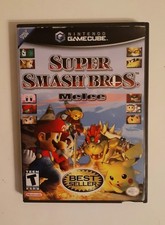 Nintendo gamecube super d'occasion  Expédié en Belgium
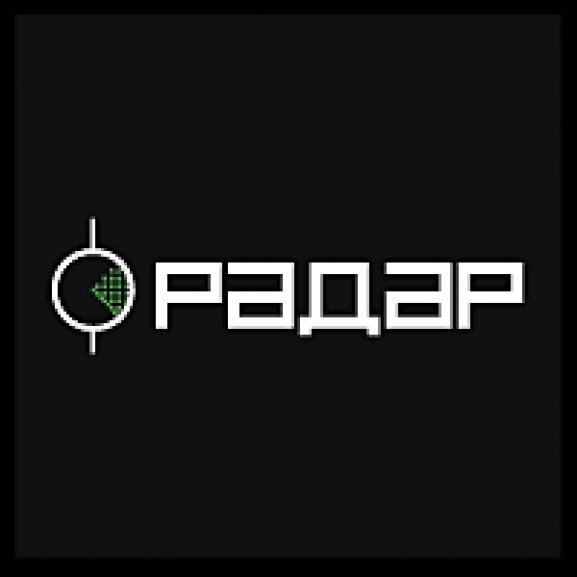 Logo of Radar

--

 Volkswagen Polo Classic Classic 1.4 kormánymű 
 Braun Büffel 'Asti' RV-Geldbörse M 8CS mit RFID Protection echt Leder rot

What is being asked
Using the entries shown above, reproduce verbatim the lines from the line bearing "Volkswagen Polo Classic" to the line bearing "Braun Büffel 'Asti'", inclusive.

Task output
 Volkswagen Polo Classic Classic 1.4 kormánymű 
 Braun Büffel 'Asti' RV-Geldbörse M 8CS mit RFID Protection echt Leder rot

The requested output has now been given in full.